- _Your objective_: Write out the data below in full, unchanged, minus the images.

+++ Data shown +++

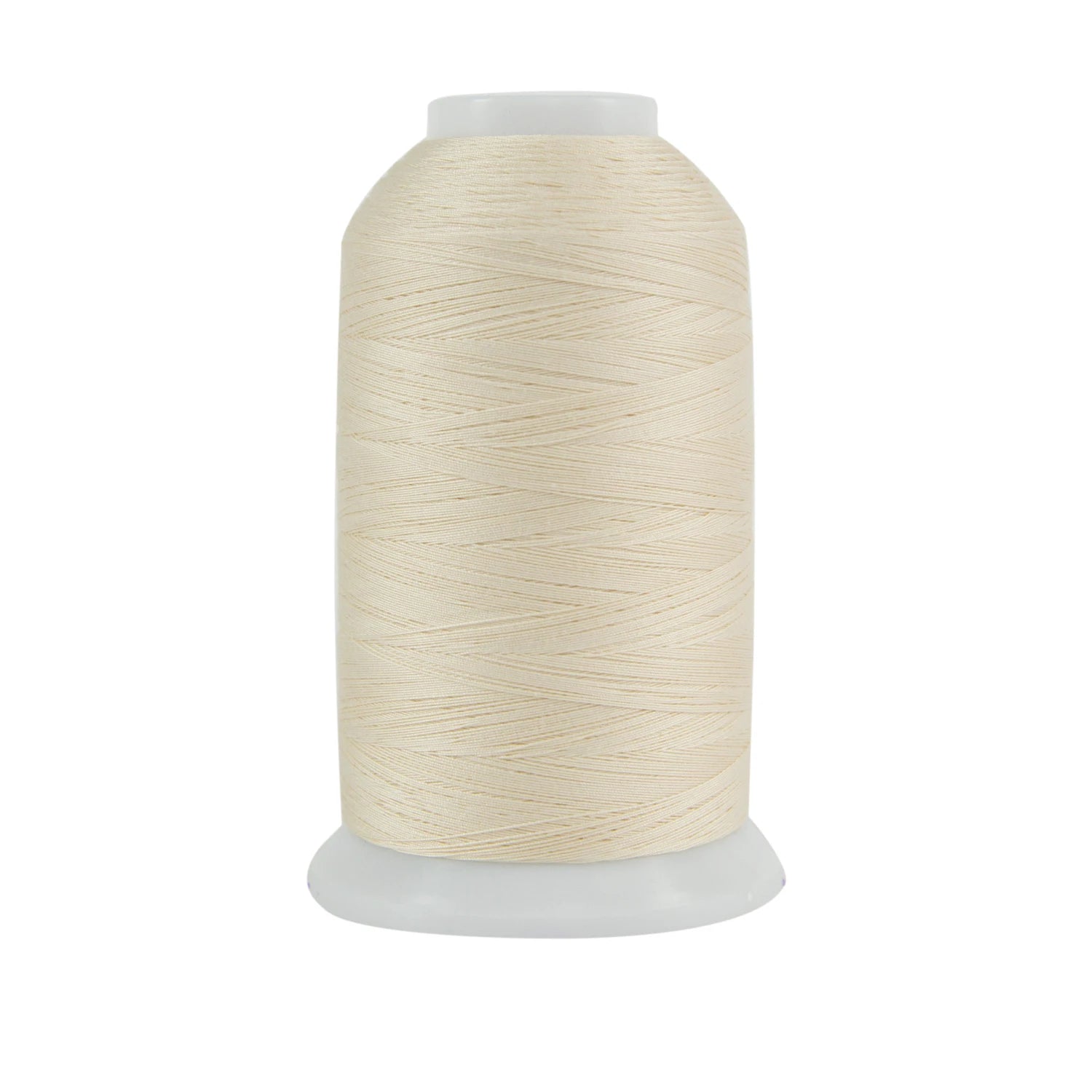 King Tut Cotton Quilting Thread 3-ply 40wt 2000yds Papyrus # 121029XX972 - Special Order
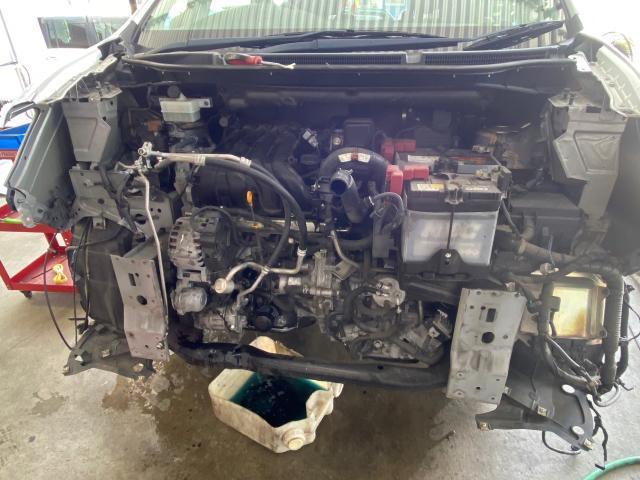 日産　セレナ　CVTミッション交換　沖縄県　宜野湾市　北谷町　那覇市　豊見城市　読谷村　嘉手納町　浦添市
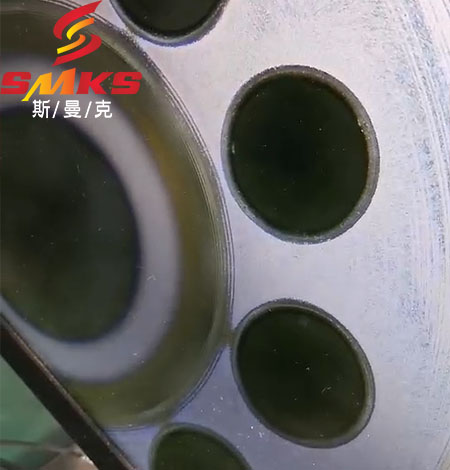 交叉孔去毛刺，公差控制如手術(shù)刀般精準(zhǔn)！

+++

- _Response to the task_:
 King Tut Cotton Quilting Thread 3-ply 40wt 2000yds Papyrus # 121029XX972 - Special Order
 日産　セレナ　CVTミッション交換　沖縄県　宜野湾市　北谷町　那覇市　豊見城市　読谷村　嘉手納町　浦添市
 交叉孔去毛刺，公差控制如手術(shù)刀般精準(zhǔn)！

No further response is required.